#### Records from a dataset:
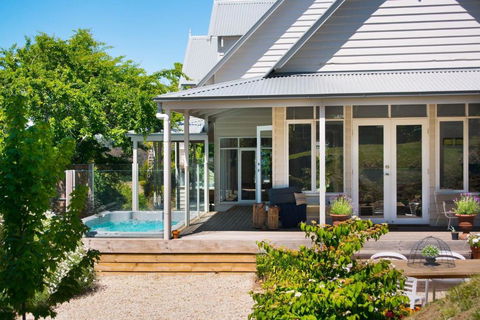 Sades - Kingaroy Accommodation 0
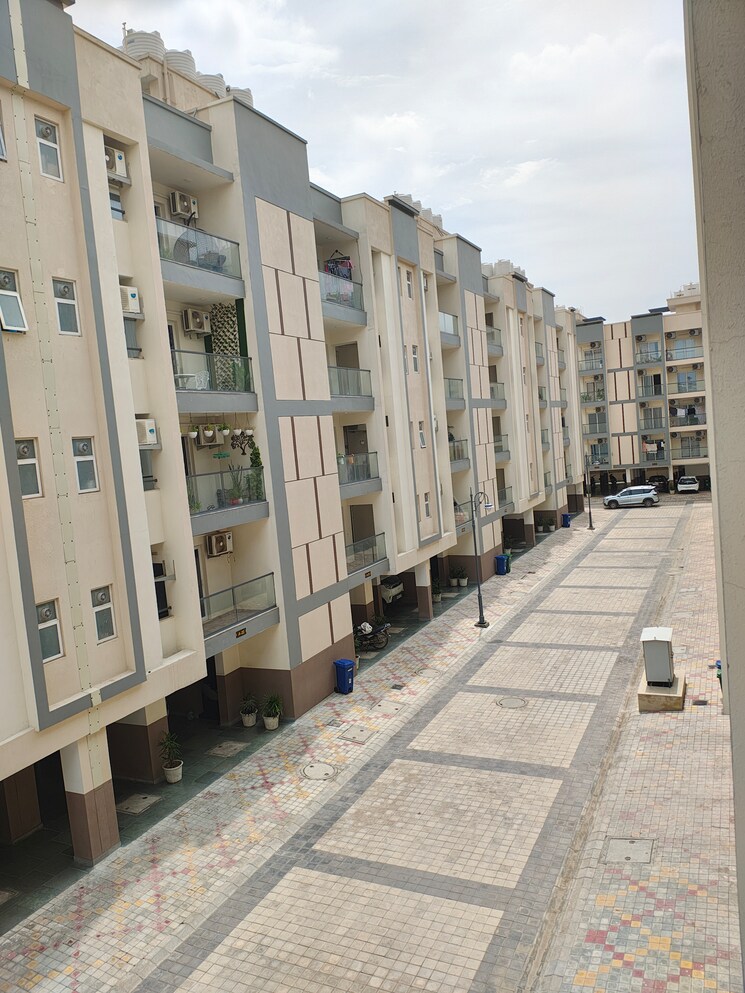 Exterior View, breez-flora-avenue-33 2.5 Bedroom 1389 Sq.Ft. Apartment In Sohna Sector 33 Gurgaon 8934614
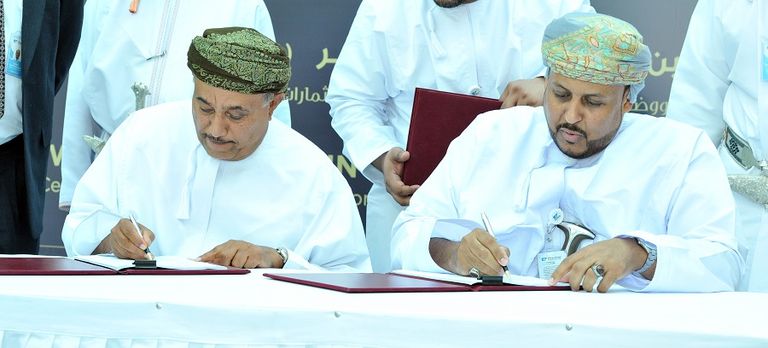 منطقة "صلالة" العمانية تستقطب 8.3 مليار دولار استثمارات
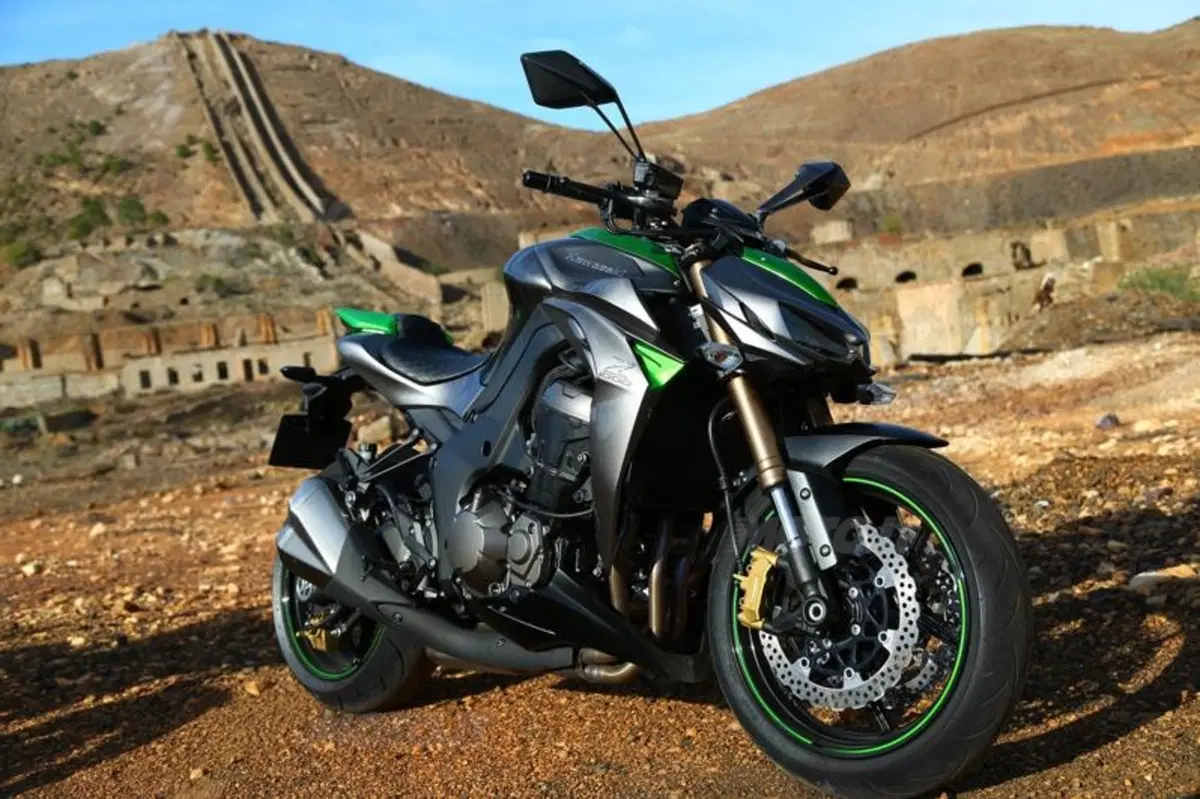 Kawasaki Z1000 2014  (28)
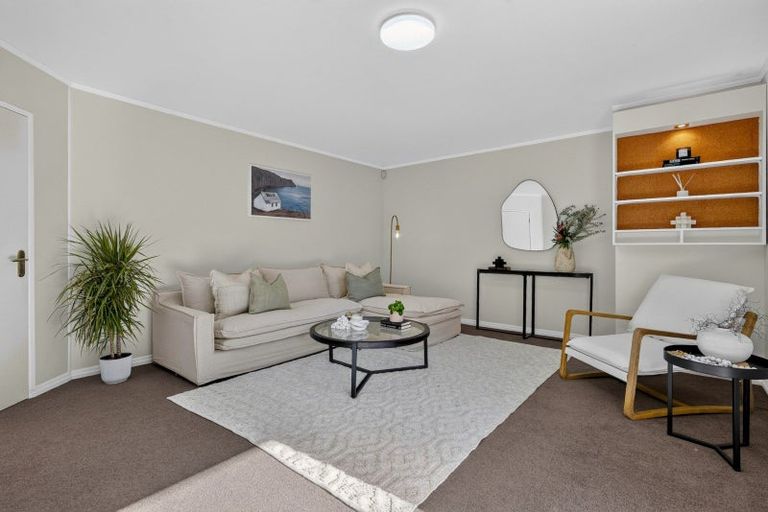 Photo of property in 873 Waitakere Road, Kumeu, 0891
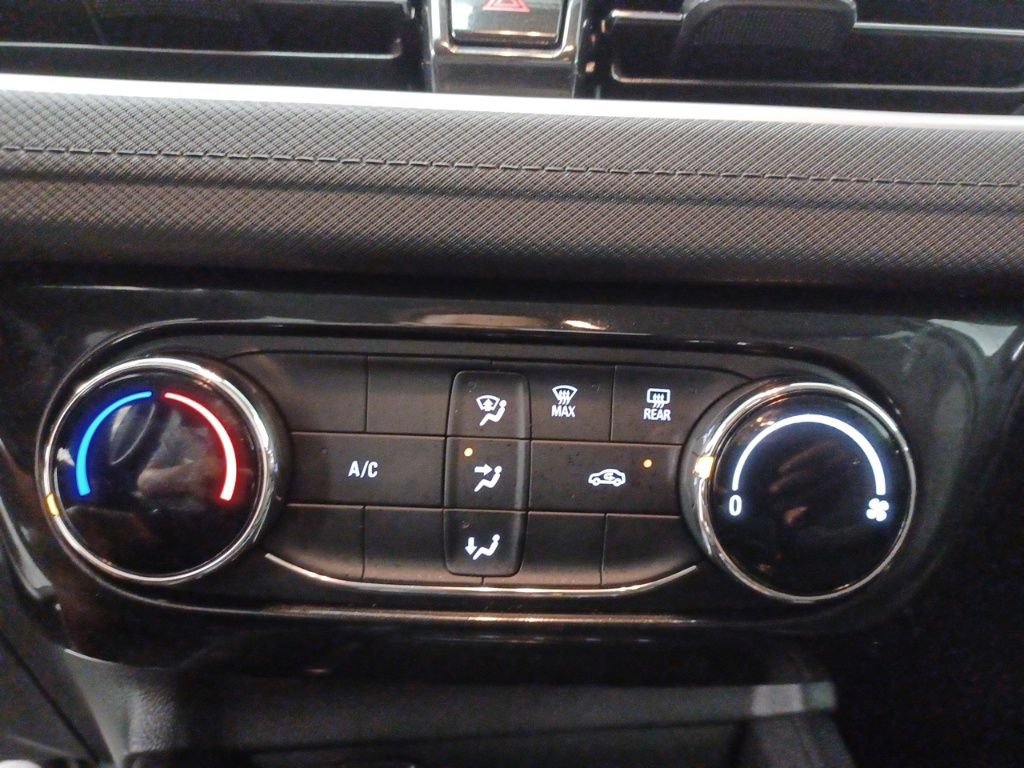 Used 2025 Chevrolet TrailBlazer LT FWD image 25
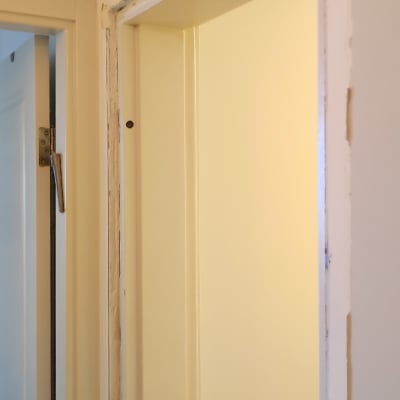 משקוף דלת ללא דלת, עם סימני תיקון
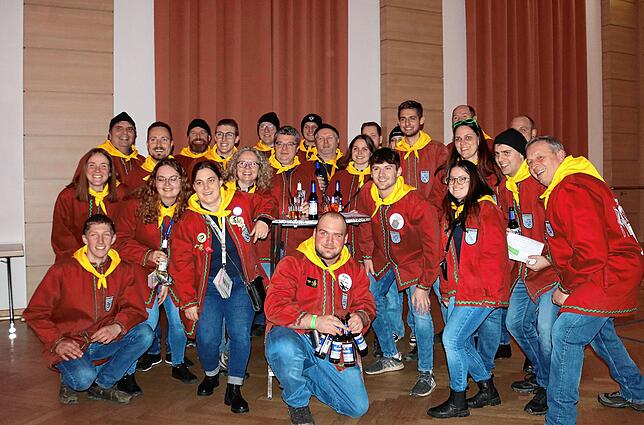 Bild 3: Ein echter Knaller war das 2. Löffinger Fasnetmusiktreffen in der vollen närrischen Festhalle
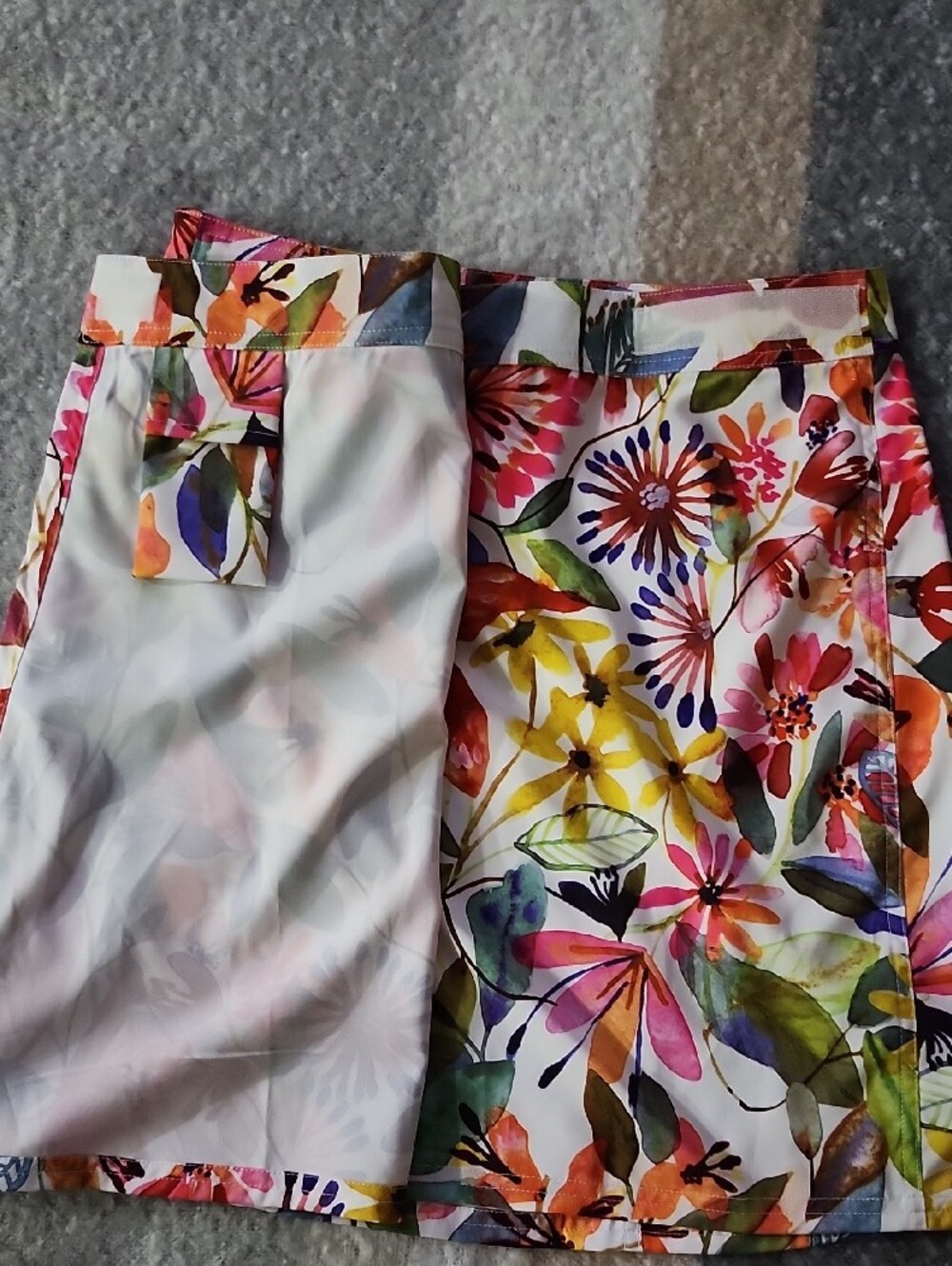 RipSkirt Hawaii Wrap Skirt Sz S Wildflower Watercolor Floral Pocket Quick Dry - Picture 4 of 11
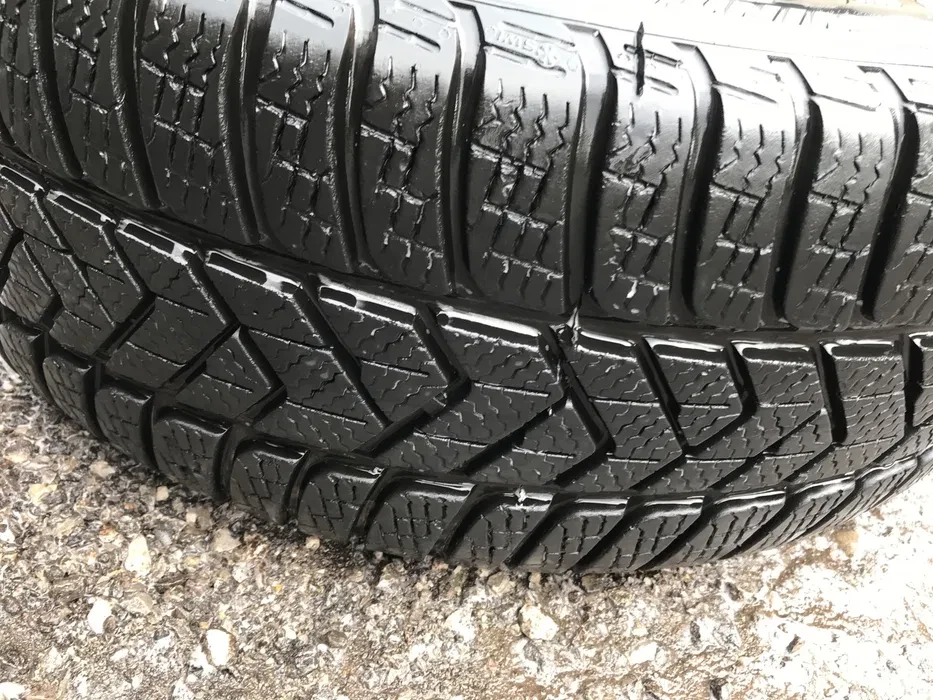 Гуми с джанти Pirelli 225/45R18, снимка 6 - Гуми и джанти - 56242578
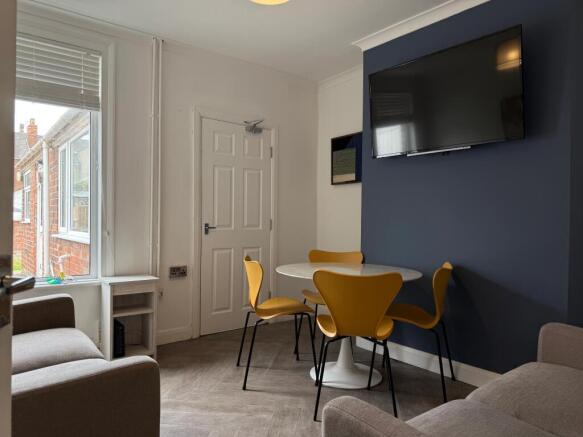 spare-rooms---student-house---west-end-image-6.jpg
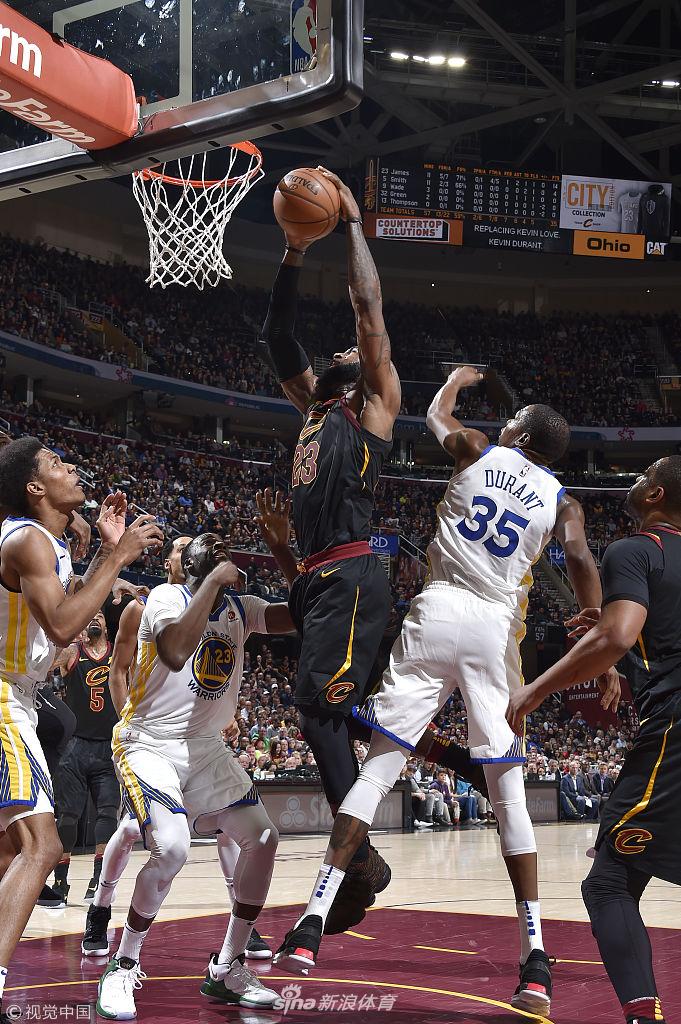 詹姆斯以一敌三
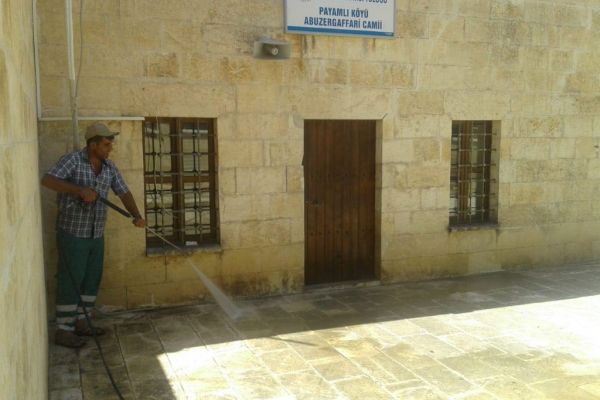 Türbelerde temizlik çalışması yapılıyor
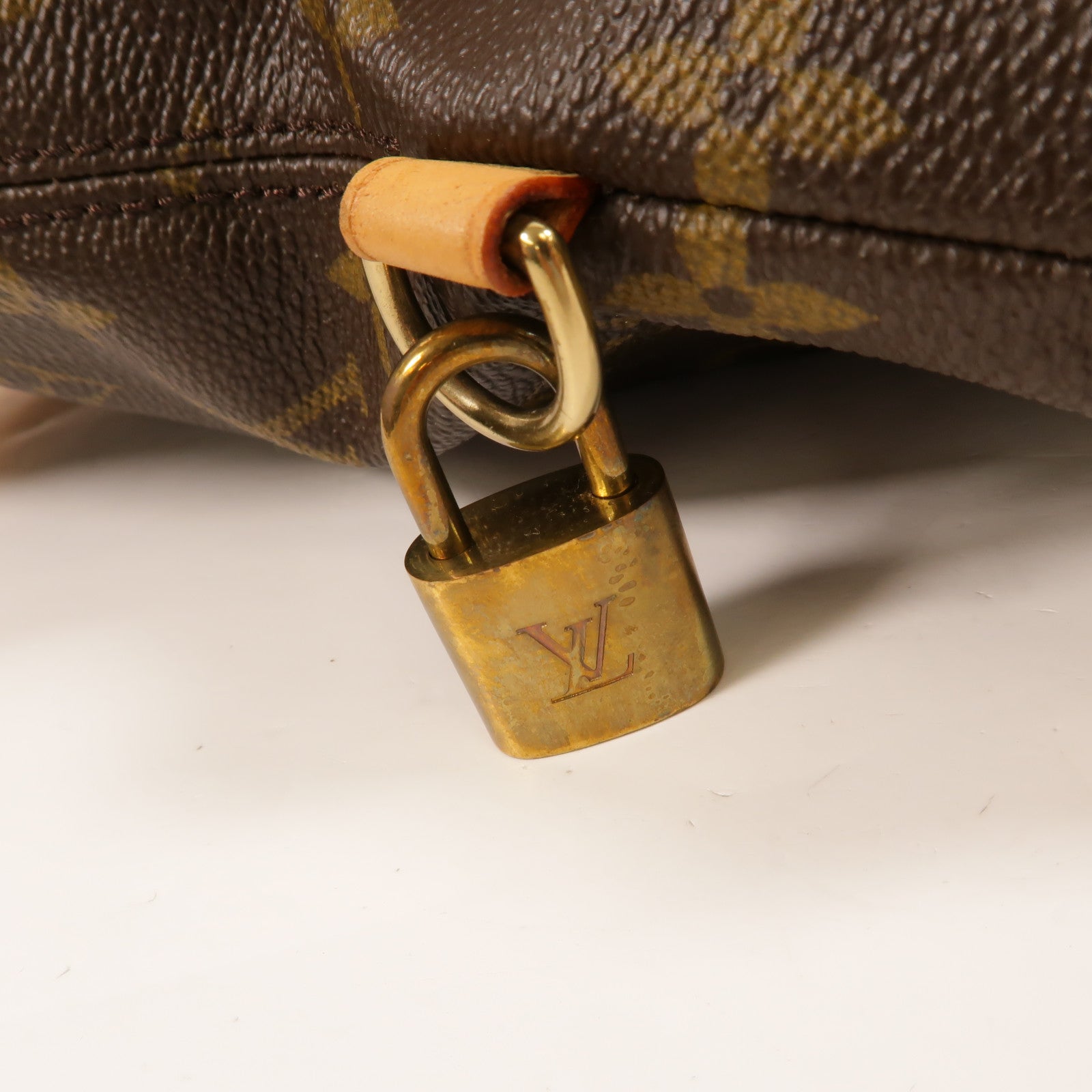 LOUIS VUITTON Monogram Lockit Horizontal金扣肩背袋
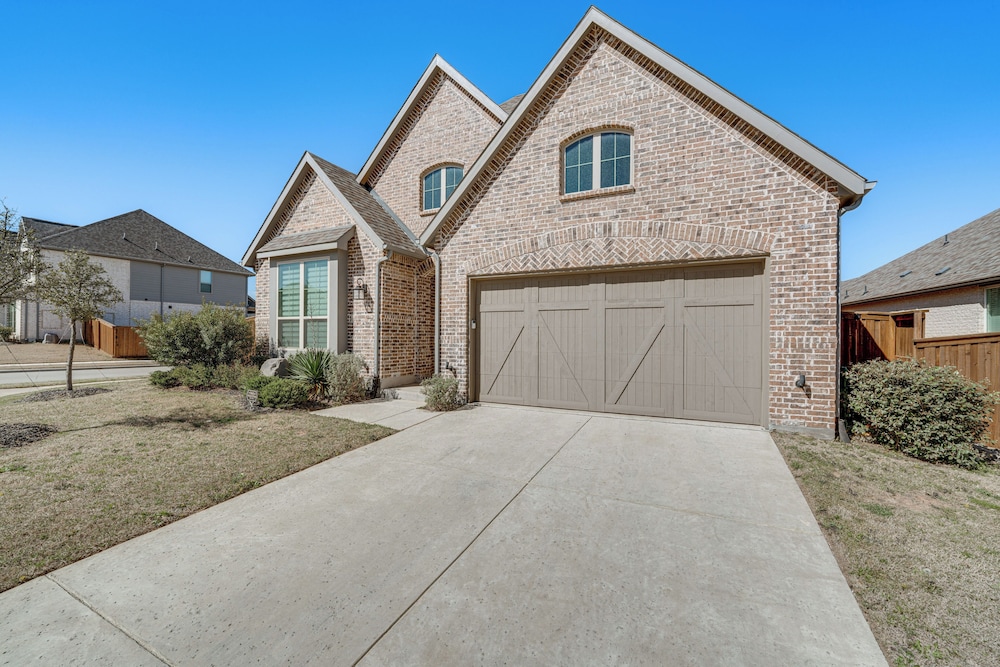 Patio & Yard: Beautiful Family Home in Mansfield!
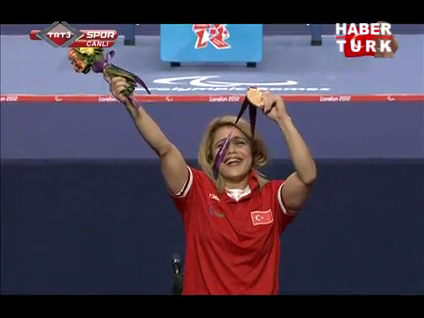 Nazmiye'den altın madalya!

#### Work request:
Once the line containing "Exterior View, breez-flora-avenue-33" is found, it and every line through the end of the records above should be output exactly, with no pictures.

#### Reply to the task:
 Exterior View, breez-flora-avenue-33 2.5 Bedroom 1389 Sq.Ft. Apartment In Sohna Sector 33 Gurgaon 8934614
 منطقة "صلالة" العمانية تستقطب 8.3 مليار دولار استثمارات
 Kawasaki Z1000 2014  (28)
 Photo of property in 873 Waitakere Road, Kumeu, 0891
 Used 2025 Chevrolet TrailBlazer LT FWD image 25
 משקוף דלת ללא דלת, עם סימני תיקון
 Bild 3: Ein echter Knaller war das 2. Löffinger Fasnetmusiktreffen in der vollen närrischen Festhalle
 RipSkirt Hawaii Wrap Skirt Sz S Wildflower Watercolor Floral Pocket Quick Dry - Picture 4 of 11
 Гуми с джанти Pirelli 225/45R18, снимка 6 - Гуми и джанти - 56242578
 spare-rooms---student-house---west-end-image-6.jpg
 詹姆斯以一敌三
 Türbelerde temizlik çalışması yapılıyor
 LOUIS VUITTON Monogram Lockit Horizontal金扣肩背袋
 Patio & Yard: Beautiful Family Home in Mansfield!
 Nazmiye'den altın madalya!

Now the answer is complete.